The Ninth Circuit held that the district court did not err in confirming the emotional distress award, because the record sufficiently established that the Debtor suffered emotional harm from the collection calls to her place of employment. 

Similarly, the Ninth Circuit held that the bankruptcy court applied the correct legal standard in awarding punitive damages, and supported its award with findings that Creditor failed to provide policies and procedures or employee training regarding debt collection following a bankruptcy filing.

Next, the Court turned to the issue of attorneys’ fees.  In Sternberg v. Johnston, the Ninth Circuit established a brightline rule that attorneys’ fees incurred in an attempt to collect damages are not recoverable once the stay violation ended.  Sternberg v. Johnston, 595 F.3d 937, 948 (9th Cir. 2010).  The issue before the Court is whether the Creditor’s settlement offer had terminated the stay violation. 

In a recent decision, the Ninth Circuit permitted recovery of attorneys’ fees incurred in defending an appeal from a bankruptcy court decision finding a violation of the automatic stay.  See In re Schwartz-Tallard, No. 12-60052, 2014 WL 4251571 (9th Cir. August 29, 2014).  The debtor in Schwartz-Tallard was entitled to fees because she was forced to defend the appeal to validate the bankruptcy court’s ruling that a violation of the stay had occurred, and to preserve her right to collect the pre-remedy damages awarded by the bankruptcy court.  Id. at *3. 
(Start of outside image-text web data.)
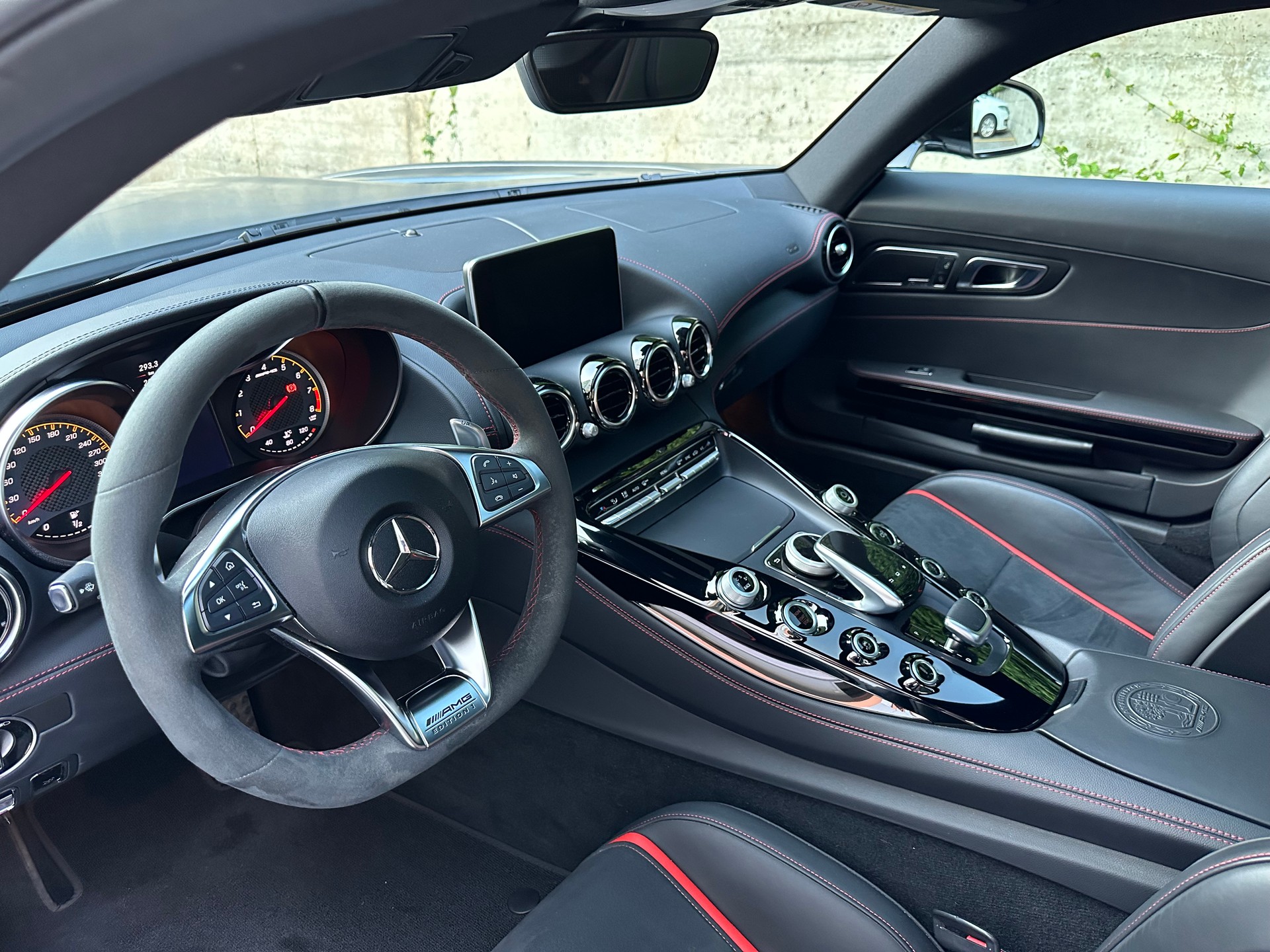 MERCEDES-BENZ AMG GT S Edition 1 Speedshift DCT-image-9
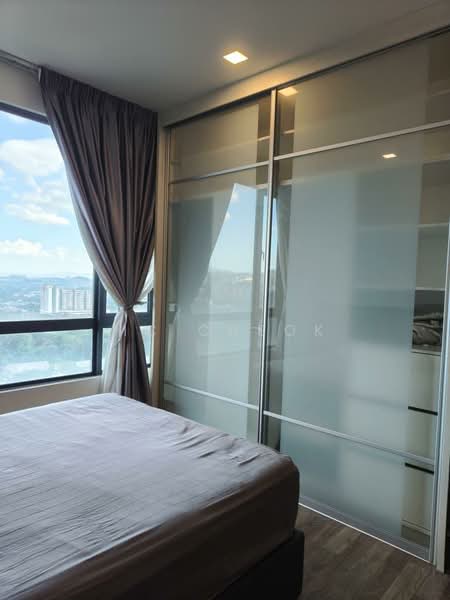 Service Residence for Sale at Service Residence @ Landmark Residence 2 - MC Cheok - wardrobe - PropertyGuru.com.my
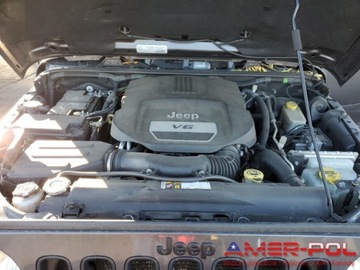 Jeep Wrangler III Unlimited Facelifting 3.6 V6 286KM 2016 Jeep Wrangler _UNLIMITED_SAHARA_4x4_3.6 L_285 km_2016r 3.6 Benzyna 285KM, zdjęcie 11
Similarly, here, the Ninth Circuit found that the bankruptcy court abused its discretion when it determined that the Creditor’s settlement offer marked the end of the stay violation.  Relying on In re Abrams, 127 B.R. 239 (B.A.P. 9th Cir. 1994), the Court explained that the Creditor had an affirmative obligation to return any property it had wrongfully seized from the bankruptcy estate.  Instead of returning that property with no strings attached, the Creditor denied that it violated the stay and issued a settlement offer with implied conditions.

Put in another way, the Court explained that the Debtor had to proceed with the litigation in order to establish a violation of the automatic stay.  The fees the Debtor incurred after the settlement offer were incurred to put an end to the violation of the automatic stay.  In the Court’s own words, “[p]ermitting the violator to short-circuit the remedies available under § 362(k)(1) by making a conditional offer to return the property wrongfully seized in violation of the automatic stay would undermine the remedial scheme of § 362(k).”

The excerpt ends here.